=== Work request ===
The result should be the listing below restated word for word, with images left out.
********
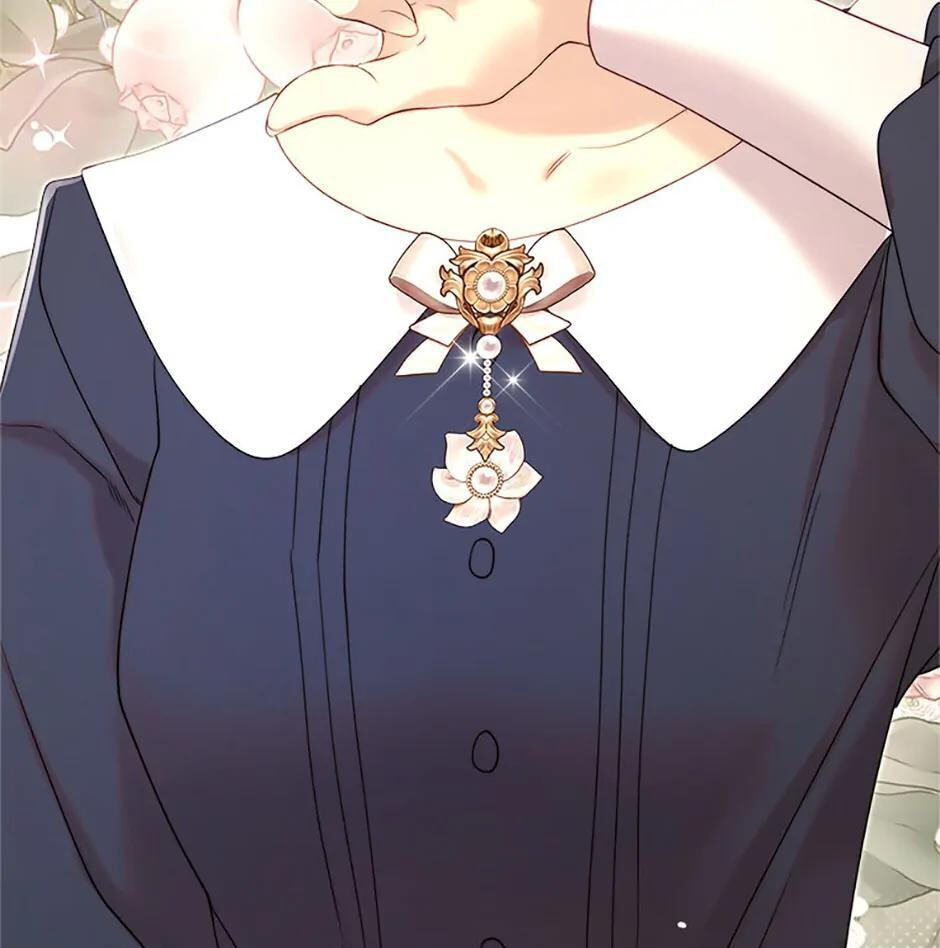 Beatrice Chapter 142 page 63 - 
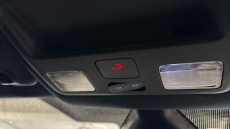 Ford Puma 1.0 EcoBoost Hybrid mHEV ST-Line Vignale 5dr Petrol Hatchback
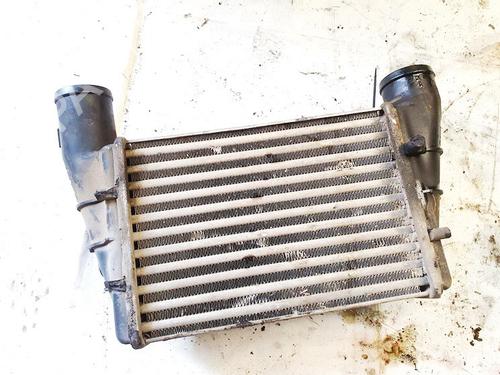 Intercooler AUDI A4 B5 (8D2) 1.9 TDI | BP35422529M30 - Image 3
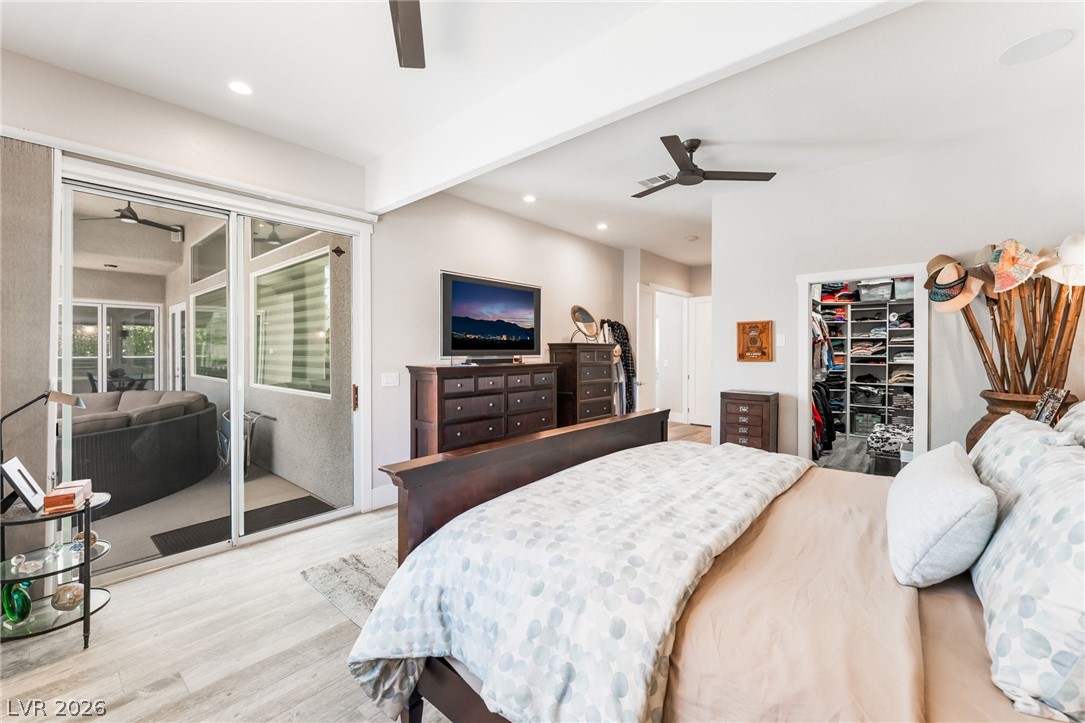 3816 Maurice Court Las Vegas NV 89108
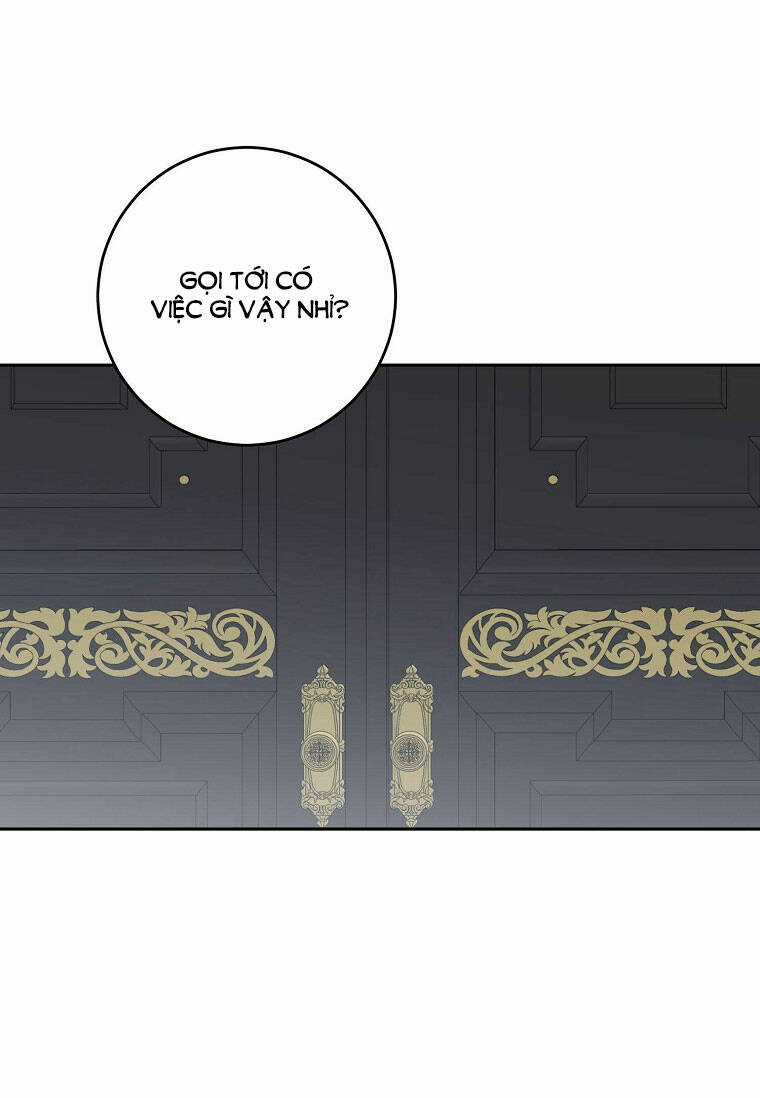 Tôi Lạc Vào Thế Giới Trò Chơi Harem Ngược Chapter 96.2 trang 2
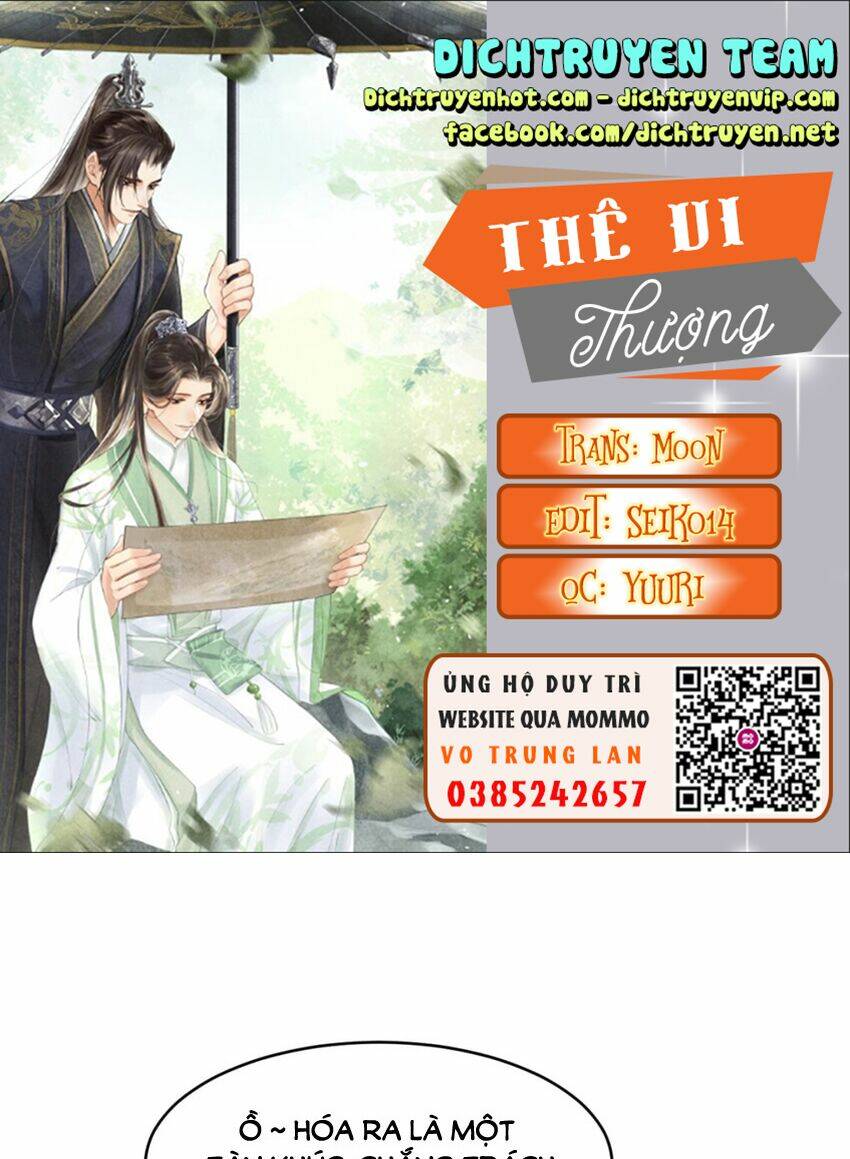 Chương 83 - Trang 1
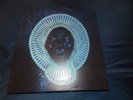 Childish Gambino - Awaken, My Love  (Ltd. Ed. Virtual Reality 2LP Vinyl Box Set)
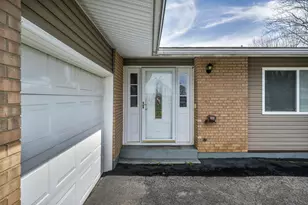 663 Teakwood Ct, Galion, OH 44833 - Photo 5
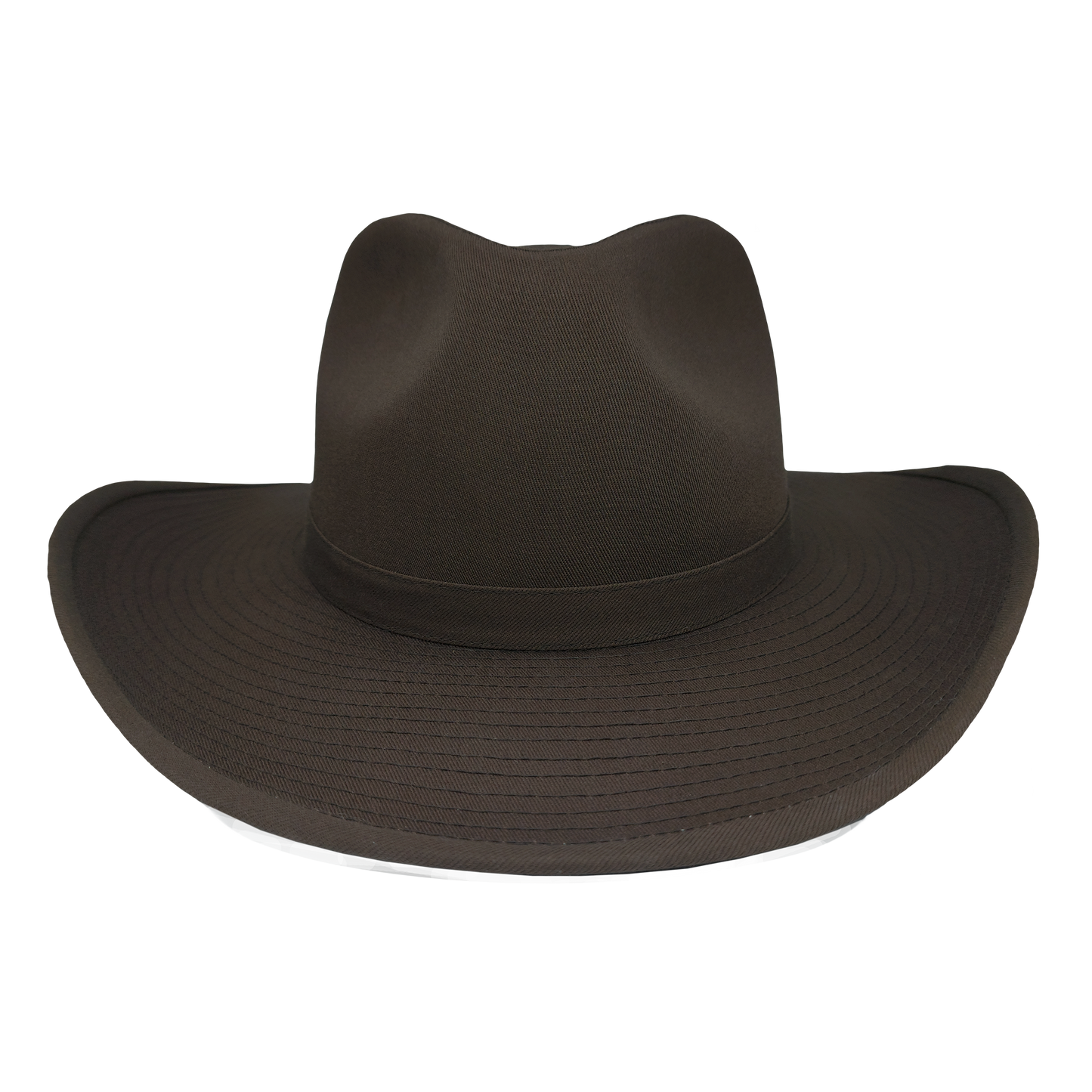 Australiano Gabardina Choco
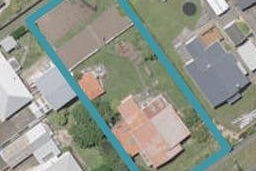 3 Bute Place, Aramoho, Whanganui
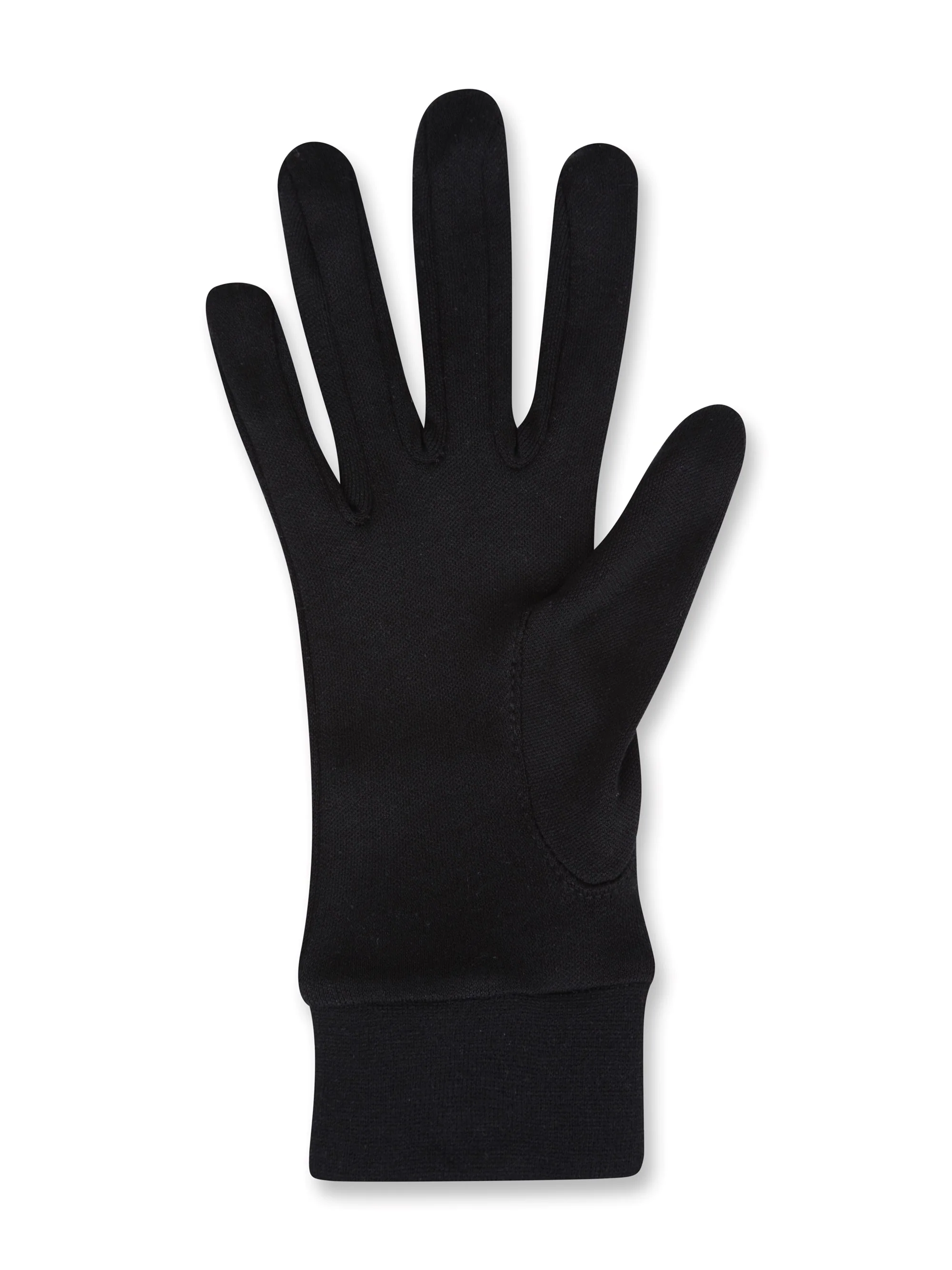 EMS Extreme Womens Silk Liner Gloves - Image 3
********
=== Completed exercise ===
 Beatrice Chapter 142 page 63 - 
 Ford Puma 1.0 EcoBoost Hybrid mHEV ST-Line Vignale 5dr Petrol Hatchback
 Intercooler AUDI A4 B5 (8D2) 1.9 TDI | BP35422529M30 - Image 3
 3816 Maurice Court Las Vegas NV 89108
 Tôi Lạc Vào Thế Giới Trò Chơi Harem Ngược Chapter 96.2 trang 2
 Chương 83 - Trang 1
 Childish Gambino - Awaken, My Love  (Ltd. Ed. Virtual Reality 2LP Vinyl Box Set)
 663 Teakwood Ct, Galion, OH 44833 - Photo 5
 Australiano Gabardina Choco
 3 Bute Place, Aramoho, Whanganui
 EMS Extreme Womens Silk Liner Gloves - Image 3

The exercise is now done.